Your 2015 Dota 2 champions, everybody.

This year’s victors, claiming a prize of around $6.6 million USD, are Evil Geniuses: Clinton “Fear” Loomis, Syed “SumaiL” Hassan, Saahil “UNiVeRsE” Arora, Kurtis “Aui_2000” Ling, and their captain, Peter “ppd” Dager. Evil Geniuses have been a consistently strong team, placing well in most tournaments in which they’ve played, although the current lineup is relatively fresh with Aui_2000 and SumaiL having only joined earlier this year.

For anyone who watched Free to Play (Valve’s free documentary on Dota 2‘s eSports scene, and specifically, the first The International tournament): yes, this is the same Fear who was the focus of around a third of that film. It’s been a long time coming, but he’s finally got an International victory.

USA team Evil Geniuses took the series with a convincing 3-1 win over the Chinese CDEC, and yes, these matches were a lot more tense, drawn-out, and exciting than last year’s rather limp finale. That said, the chants of “USA! USA!” were maybe a little odd. I mean, they’re an American team, but Aui’s from Canada and Sumail’s from Pakistan. Oh well!

dota 2 ti5 champions

It was surprisingly hard to get a picture of them smiling, as they mostly just looked tired. Maybe not a surprise considering they had to play a best-of-three right before the final best-of-five, though!

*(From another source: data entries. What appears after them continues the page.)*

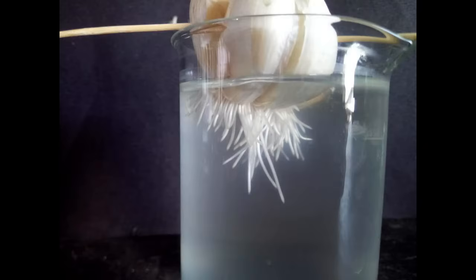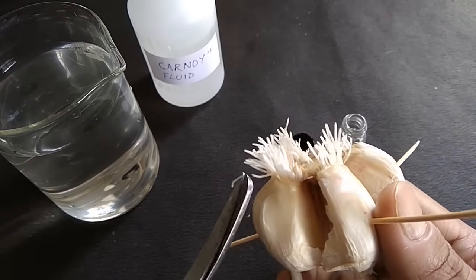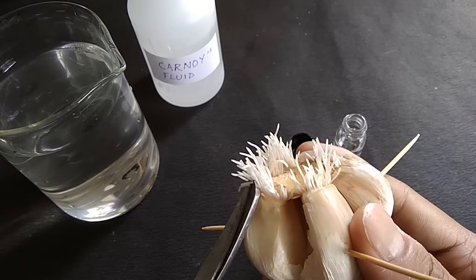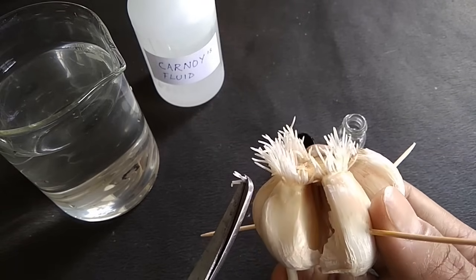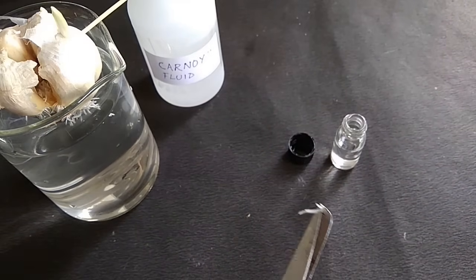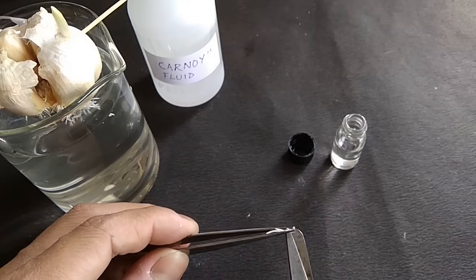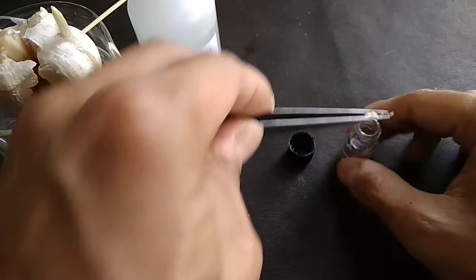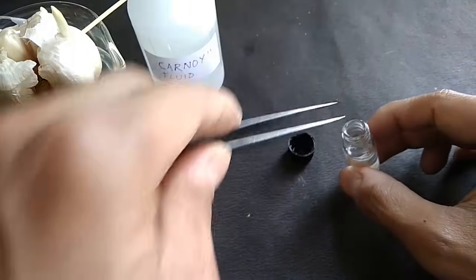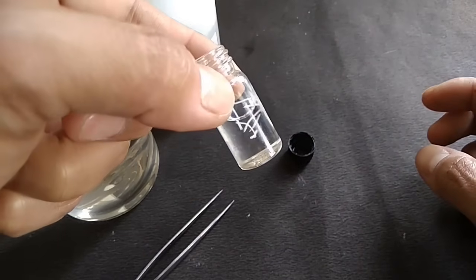Once the roots have grown about 2 to 3 centimeters, cut out 1 centimeter of root tips and transfer them into a tiny vial containing Carnoy's fixative fluid. Carnoy's fluid fixes the DNA of the root tip cells. Leave the roots in the fixative for about 48 hours. If you're planning on storing the root tips for longer, you may transfer the fixed root tips into a second vial containing 70% ethanol. Ethanol dehydrates the root tissue and thereby preserves DNA. Root tips preserved in ethanol and preferably refrigerated will keep well for a couple of years for genetic studies.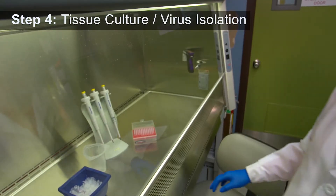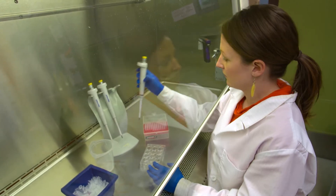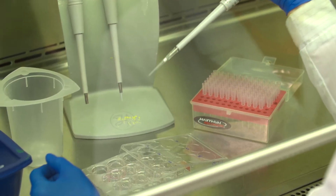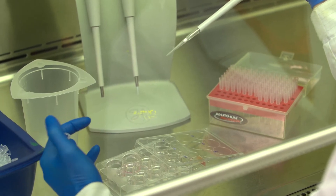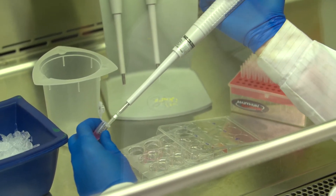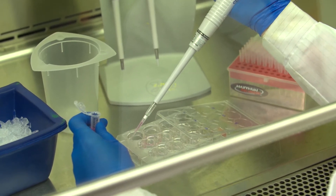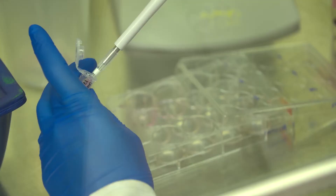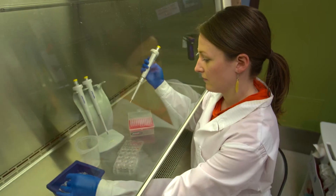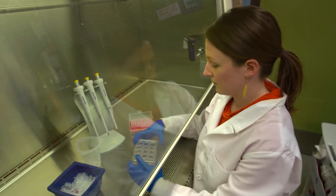Here we see a process called virus isolation in cell culture. A plate is used that has multiple wells of cultured tissue growing on the bottom. This cultured tissue is susceptible to live virus particles. The processed fish sample is added to each well using a pipette. Specific changes in the cultured tissue will allow us to determine if live virus is present in our fish sample.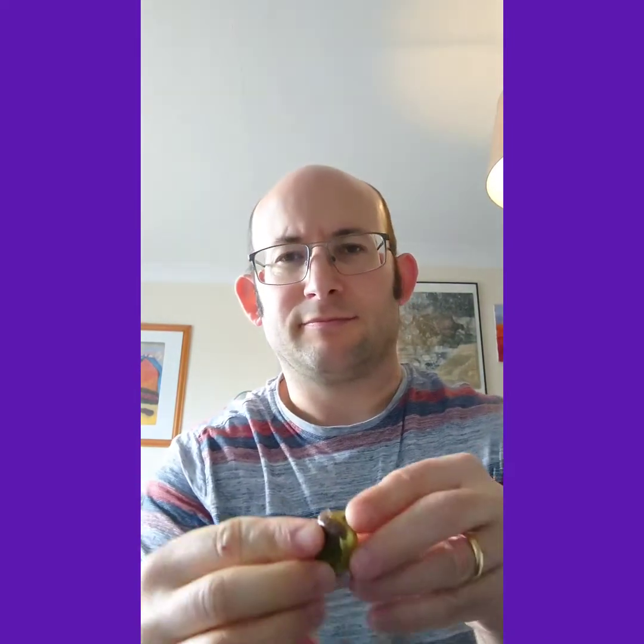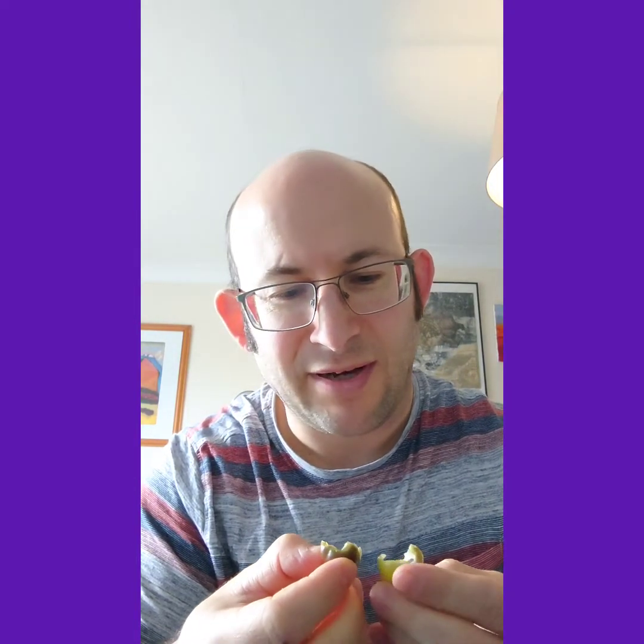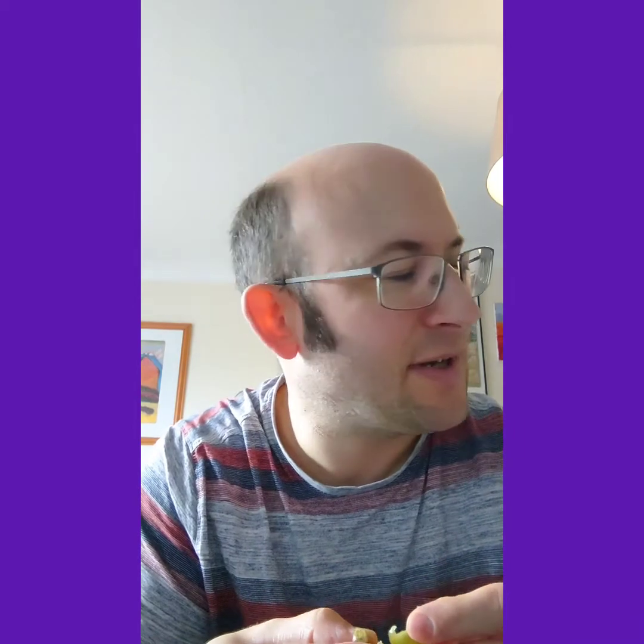Let's cut this open and remove the stalk. Immediately, it's got a bigger placenta to it than the white ghosts. I want to make sure there's nothing living in there — I was cleaning up some fresh chilies this morning and one of the reapers had a caterpillar in it. Didn't really need that extra protein. Okay, let's see how this purple ghost tastes.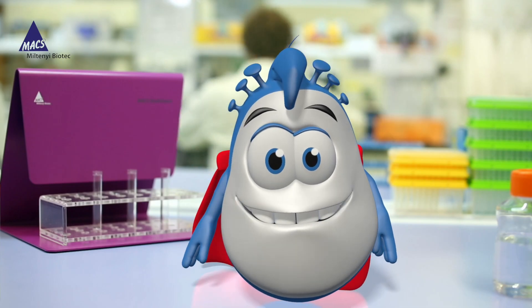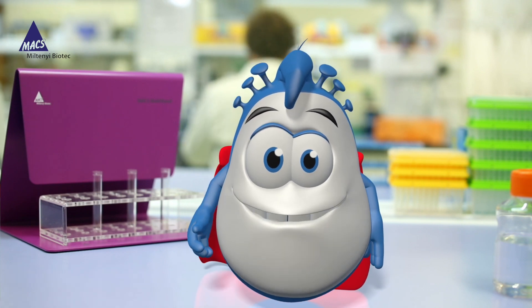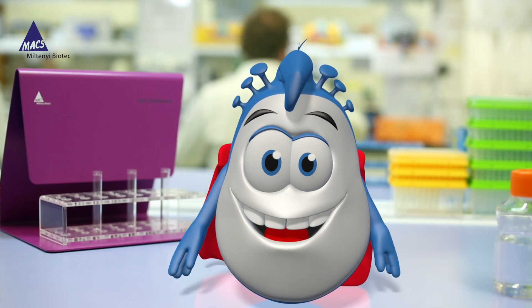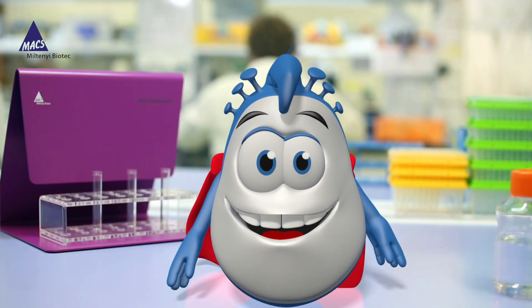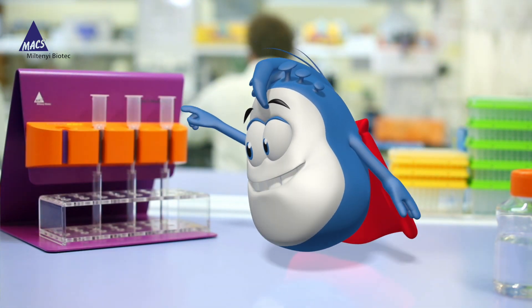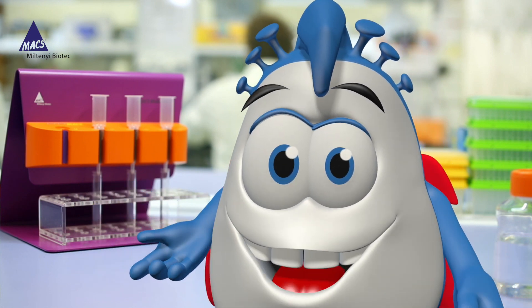Hello there! I'm Captain T-Cell and today I will tell you why Max Technology is the best choice for isolating your cells. With Max Technology you simply need three things: a magnet, a Max column, and Max microbeads. Let me show you how it works.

CDEC themselves deserve an awful lot of praise for their own performance. They came into the tournament through a Wild Card slot, and wound up making their way through the winner’s bracket of The International’s main event, not dropping a single series (and only losing one game) in the main event until the grand finals. I don’t think anyone expected them to do as well as they did, but they hammered Cloud9, LGD Gaming, and even Evil Geniuses themselves in the upper bracket to get to those grand finals.

Evil Geniuses took this in stride, though; that loss dropped them into the lower bracket finals, where they took down LGD Gaming to claw their way into the grand finals for a rematch. And what a rematch it was.

dota 2 ti5 deadmau5

Apologies for the quality. Twitch wasn’t being very cooperative at this point.

Also, after the Aegis of Champions was awarded and the shattered winners left the stage, Deadmau5 came on to play the tournament to a close. And then do a lap of the arena. That’s a bit of a step up from Katie Kate.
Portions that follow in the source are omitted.